Extracted entries >>
== Segment start ==
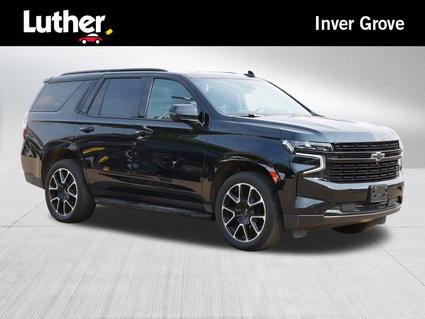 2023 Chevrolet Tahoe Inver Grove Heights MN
== Segment end ==
== Segment start ==
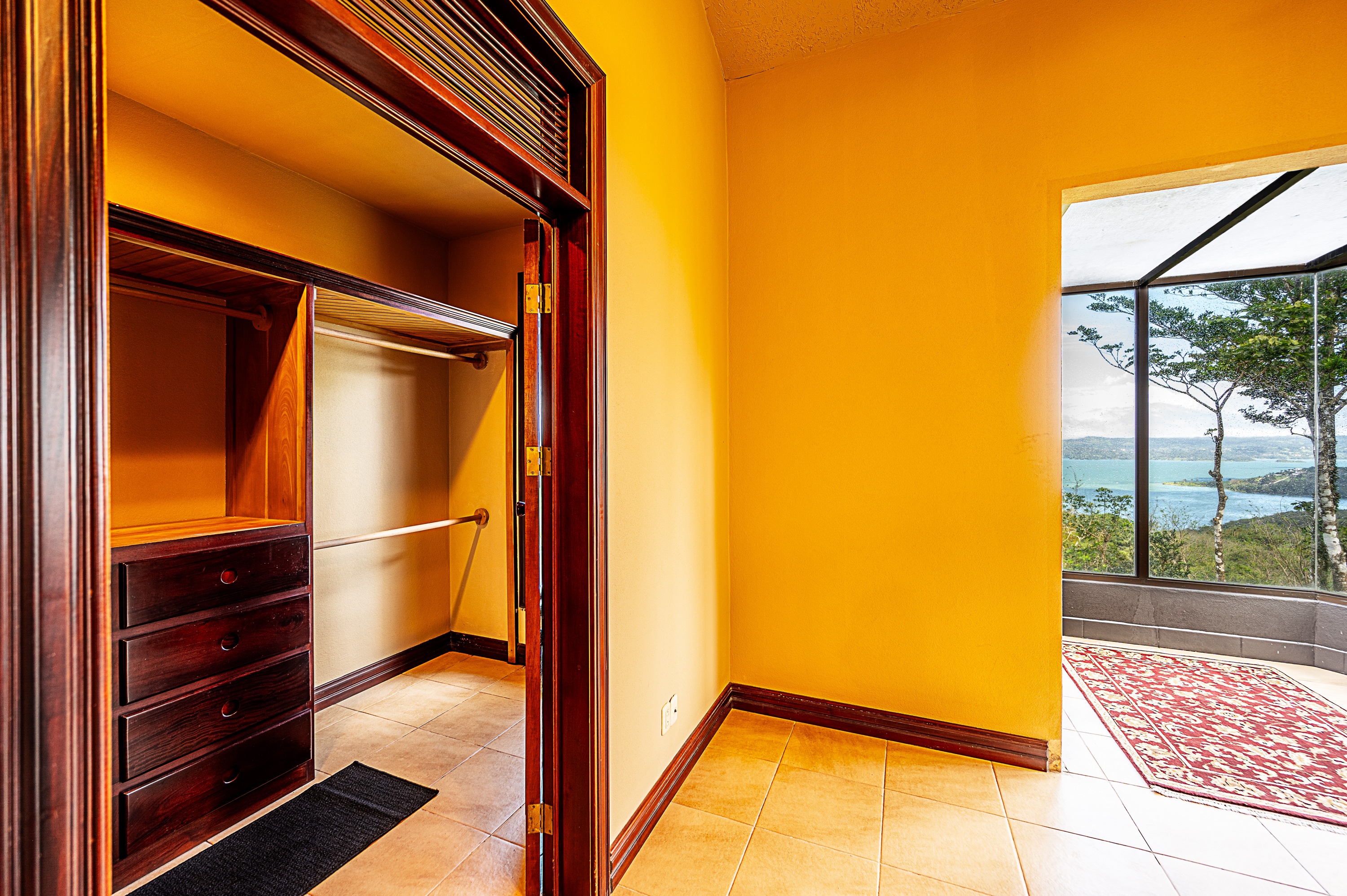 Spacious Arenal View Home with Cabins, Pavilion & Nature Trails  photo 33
== Segment end ==
== Segment start ==
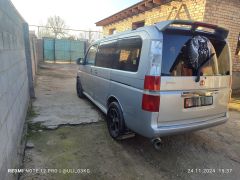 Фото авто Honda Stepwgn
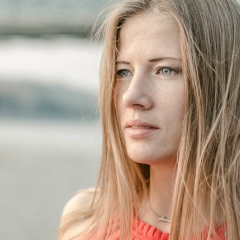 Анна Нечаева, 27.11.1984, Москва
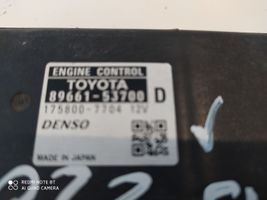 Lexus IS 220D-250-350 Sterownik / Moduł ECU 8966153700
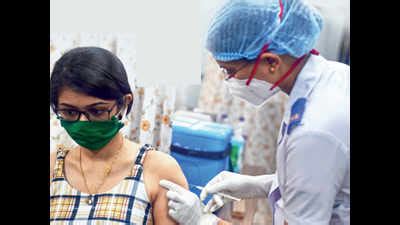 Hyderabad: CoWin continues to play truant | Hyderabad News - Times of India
== Segment end ==
Your task >> Only the lines above starting with the line with "Анна Нечаева, 27.11.1984, Москва" and going on through the line with "Hyderabad: CoWin continues" belong in the answer; repeat them exactly, minus any picture.

The answer >>
 Анна Нечаева, 27.11.1984, Москва
 Lexus IS 220D-250-350 Sterownik / Moduł ECU 8966153700
 Hyderabad: CoWin continues to play truant | Hyderabad News - Times of India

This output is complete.